Synopsis of Rule of Law.
Double Jeopardy arises when a defendant is prosecuted twice on the same offense, or is subsequently prosecuted for a lesser-included offense which could have been prosecuted the first time.
There are two distinguishable fact situations which the Court is dealing with:
In Dixon, defendant was arrested for murder in D.C. and released on bail, on the condition that he not commit any criminal offense, or he would be held in contempt of court. While awaiting trial, Dixon was later arrested and indicted for possession of cocaine with intent to distribute and was found guilty of contempt and sentenced to 180 days in jail. Dixon moved to dismiss this indictment on double jeopardy grounds because that was prosecution was secondary to his first offense.
In Foster, the defendant’s wife obtained a CPO (civil protection order) against him due to domestic attacks. The Order required that he not molest, assault, or in any manner threaten or physically abuse her. Later his wife sought to have him held in contempt for violation of the Order. Foster also filed a Motion to Dismissed, grounded in double jeopardy, because his contempt charges arose out of the original prosecution.
This case questions whether a criminal can be later charged in contempt for committing the same crime of which he is already being prosecuted.
Dixon’s secondary indictment was dismissed because it was found that it was double jeopardy; however, Foster was still indicted on three of four counts because double jeopardy did not apply to subsequent greater offenses.

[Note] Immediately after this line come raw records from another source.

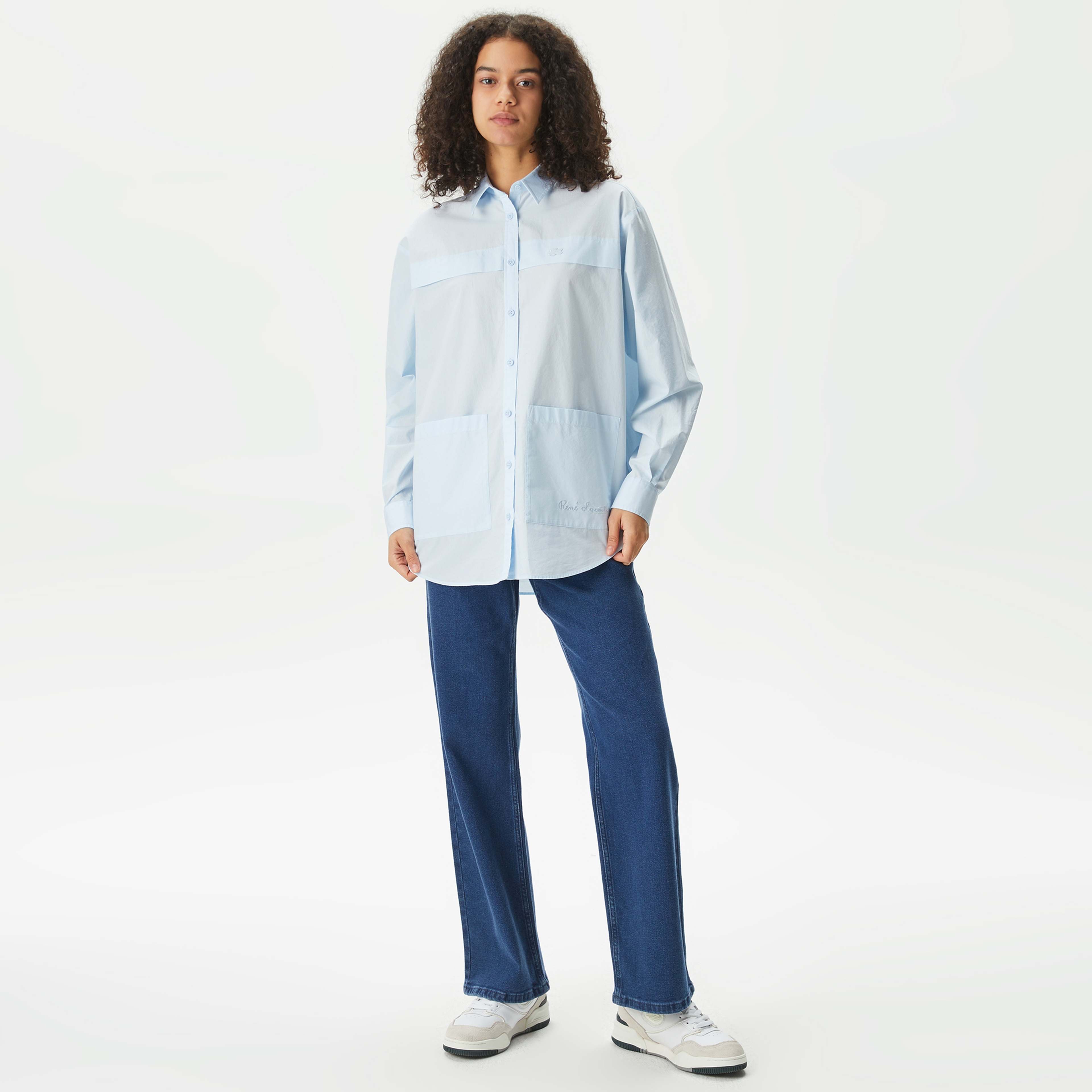 Lacoste Kadın Mavi Gömlek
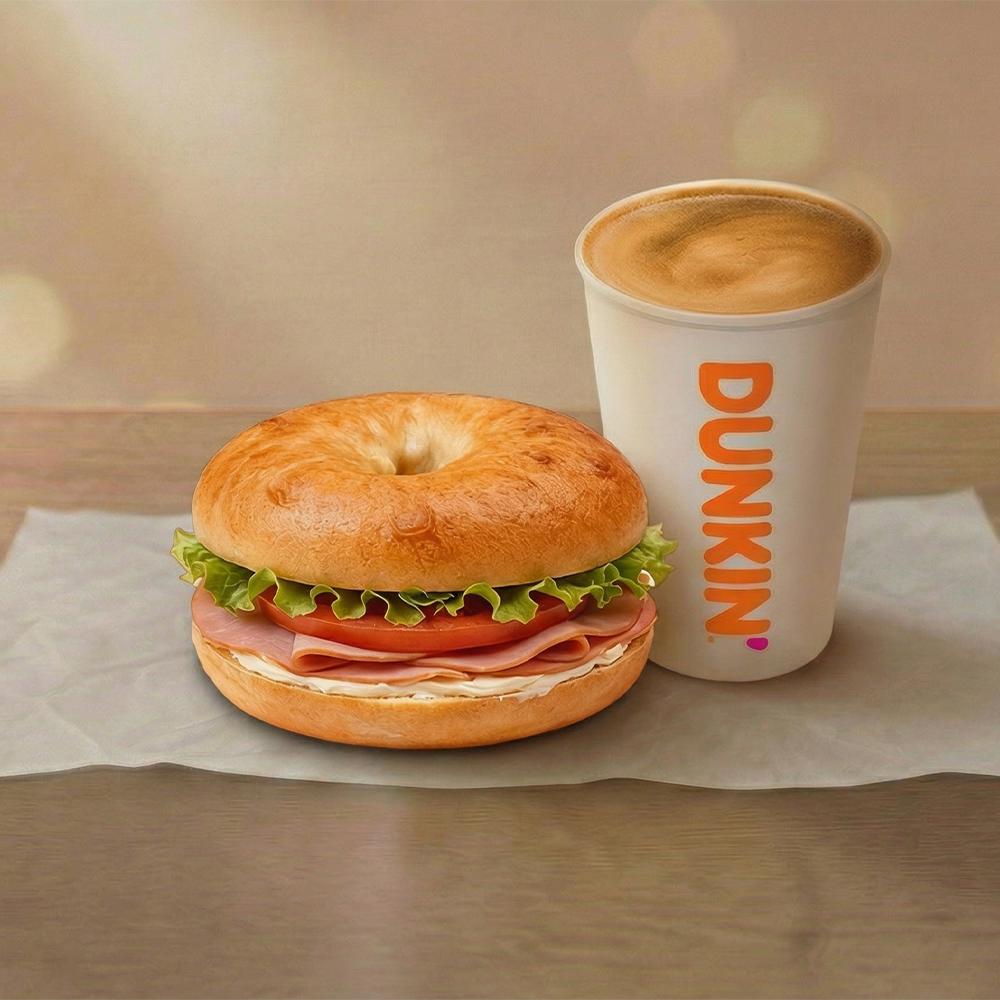 ბეიგელი ინდაურით კომბო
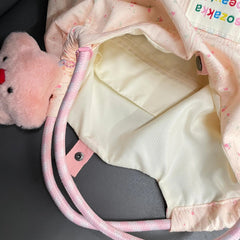 LIZAKOSHT  -  Spring and summer new bag girl cartoon portable shoulder canvas bag large capacity versatile commuter underarm tote women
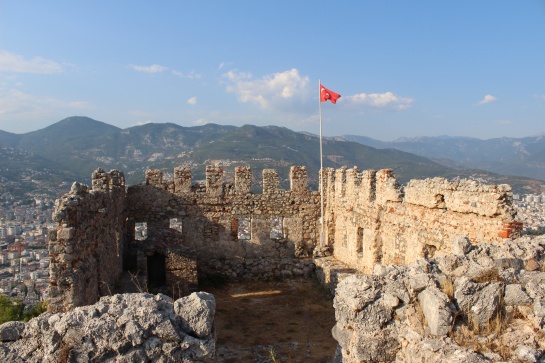 Pevnost nad městem Alanya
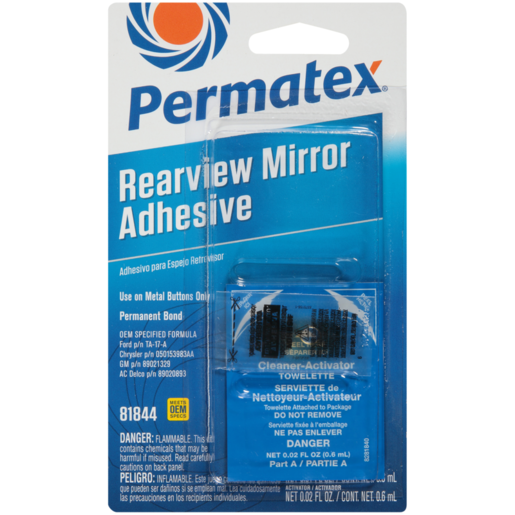 Permatex Professional Strength Rearview Mirror Adhesive Kit - PX81844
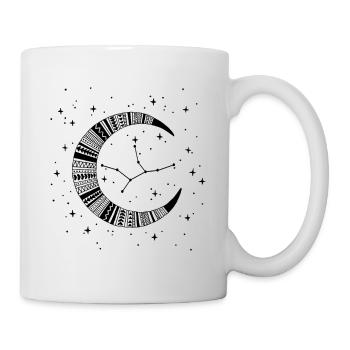Virgo Zodiac Sign Moon Horoscope by Nikki-Luka - Mug - white - Right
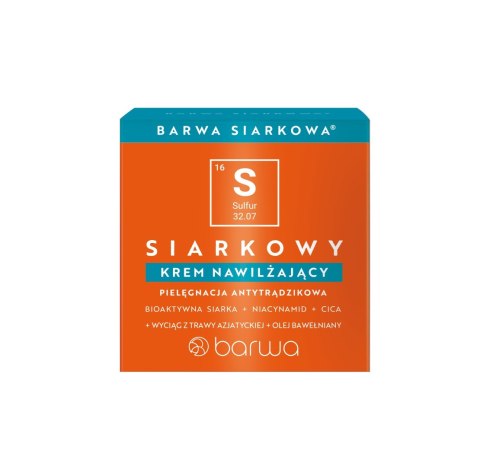 Barwa Siarkowa krem nawilżający do twarzy 50 ml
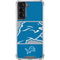 NFL Detroit Lions Zone Block Galaxy S21 5G Clear Case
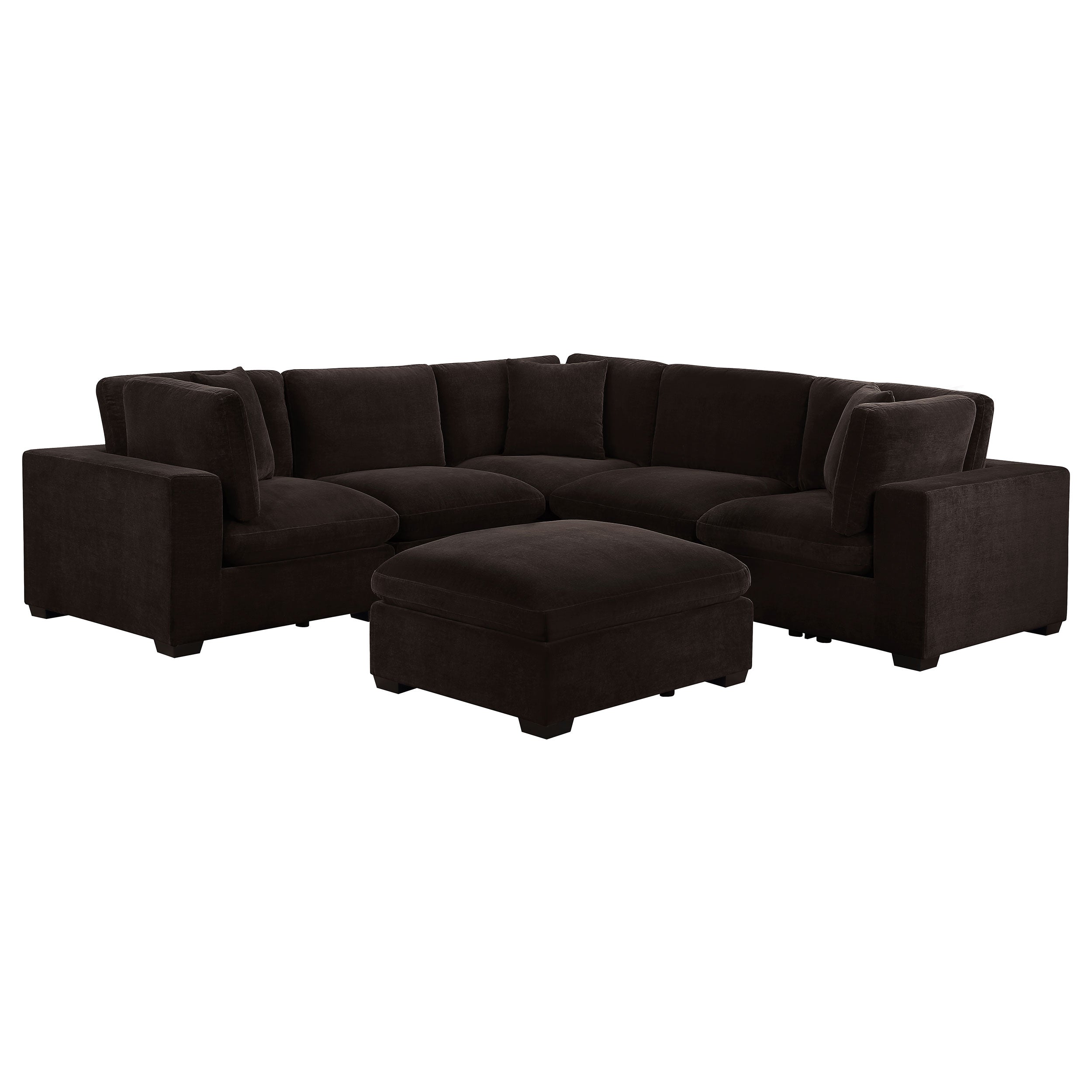 Cloud Lux 4-Piece Upholstered Modular Sectional Sofa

According to Justice Rehnquist, double jeopardy should not apply to contempt charges because it is a separate and distinguishable offense, and the elements of contempt are entirely different from the elements of the substantive crimes from which the contempt charges arose.
Justice Blackmun also dissents, noting that Contempt is one of few mechanisms available to a trial court in order to enforce its orders and it should be considered as separate and distinct because it is serving the court’s interest as opposed to that of the government.
Concurrence. Justice White concurs, noting that the Double Jeopardy Clause bars prosecution for an offense if the defendant already has been held in contempt for its commission. Justice White goes on to note; however, that all of Foster’s counts on indictment should have also been dismissed. Justices Stevens and Souter agree with this result.
While, at first, Double Jeopardy may seem confusing, it is simply the rule that a defendant cannot be prosecuted more than once for the same crime or for a crime arising out of the same course of action.